Source: via Flickr.

With open enrollment season upon us, it's time to update your benefits at work, and chances are there are programs you either aren't participating in or aren't taking full advantage of. By taking a few simple steps, you may save yourself some dough -- and everyone could use more money, right?

Read on to see whether these steps could benefit you.

1. Set up an FSA 
Your employer may offer a health FSA, or flexible spending arrangement. Everyone has some out-of-pocket medical expenses, and by funding your yearly expenses through an FSA, you'll cut your income taxes. 

Funds you contribute to your FSA are pre-tax deductions, meaning that your taxable income will be lowered by your contributions. A good way to figure out how much to contribute is to add up your out-of-pocket costs from 2014, excluding any one-time expenses like an unplanned medical procedure or glasses (assuming you don't replace your specs every year).

Prescription drugs are an expense that FSAs can cover.

Once you have that baseline amount, add in any expected new out-of-pocket costs for 2015. Make sure they are covered. For example, over-the-counter medicines typically aren't reimbursable, but contact solution and cleaners are, as contact wearers require them. The federal maximum is $2,500 per year, and you can carry over up to $500 per year. However, your employer may have lower limits. Most importantly, don't contribute more than you'll spend, because you lose what you don't use beyond the $500 carryover. 

What's it worth to you? If you can benefit from contributing the full $2,500 each year, the reduction in taxable income is worth more than $300 to the median U.S. household, and depending on your situation, it could be worth more or less. The other benefit? The amount you elect each year is taken from payroll deduction, but the full amount is available the first day of the plan year. This can be handy if you have a lot of expenses early in the year, like new eyewear or braces for a kid.

2. Make sure you're getting the most from your 401(k)
While most employers allow you to enroll in a 401(k) and make adjustments to it at any time, some employers only allow such changes once a year. Regardless, your company's open enrollment period is a good time to have a look at your retirement savings and adjust your plan as necessary, perhaps rebalancing your holdings or upping your contribution.

Make sure you're contributing at least as much as your employer will match -- that's free money. Also remember that your contributions are made pre-tax, which cuts your income tax bill. You can contribute up to $18,000 in 2015 -- plus an extra $6,000 in catch-up contributions if you're over 50. Between the tax savings and the matching contributions, you could reduce your tax bill by thousands of dollars and make up for lost time if retirement is right around the corner.

Have a second or part-time job? You might be eligible for a 401(k) there as well, and there's no law against contributing to retirement accounts at both employers. If matching funds are offered by both, don't pass them up. 

It's never too early, or too late, to save for retirement. Source: via Flickr.

Even if you can't afford to contribute the maximum amount, or even enough to get all of your employer's match, contribute something, even if it's only 1% or 2% of your salary. The tax savings alone will mean your take-home pay is reduced by less than the amount you have deducted, and that money will make a big difference when you need it in retirement. You'll be surprised at how little you notice those small, pre-tax payroll deductions. 

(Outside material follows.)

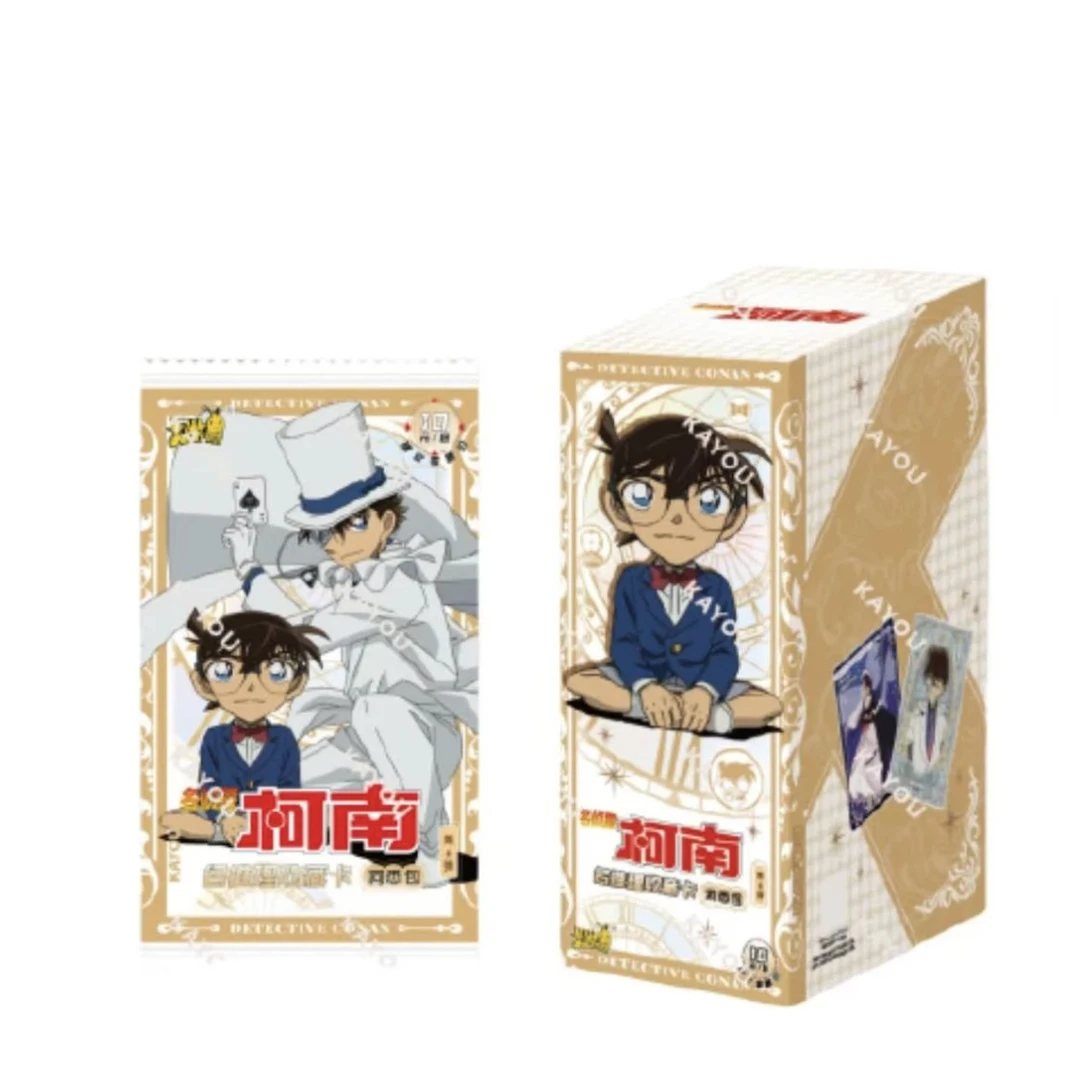 【配对抢取】名侦探柯南名推理收藏卡牌-洞悉第6弹（默认代拆）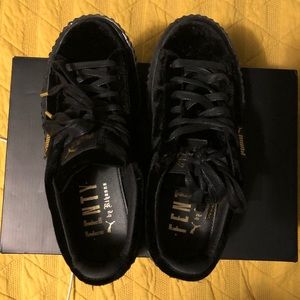 Fenty rihanna velvet creepers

Lastly, don't let fear of losing or changing your job prevent you from contributing to a 401(k). You may not get to keep all of the matching funds, depending on your employer's vesting qualifications, but every penny you contribute belongs to you. If you leave the company, just roll those funds over into an IRA. 

Self-employed? Open a self-employed 401(k) with an online broker and get the same contribution limits and tax-saving benefits.

People don't plan to fail...
They fail to plan. It's an old saying, but it's as true today as it ever was. Simple things like getting employee matches and reducing your taxes by taking advantage of FSAs and 401(k)s are easily made part of a long-term plan. Not only could you potentially save thousands of dollars in taxes every year, but those retirement funds will compound and grow tax-free until you spend them in retirement, further increasing your returns. 

Your employer may offer even more ways to save, but these two are readily available for millions of people.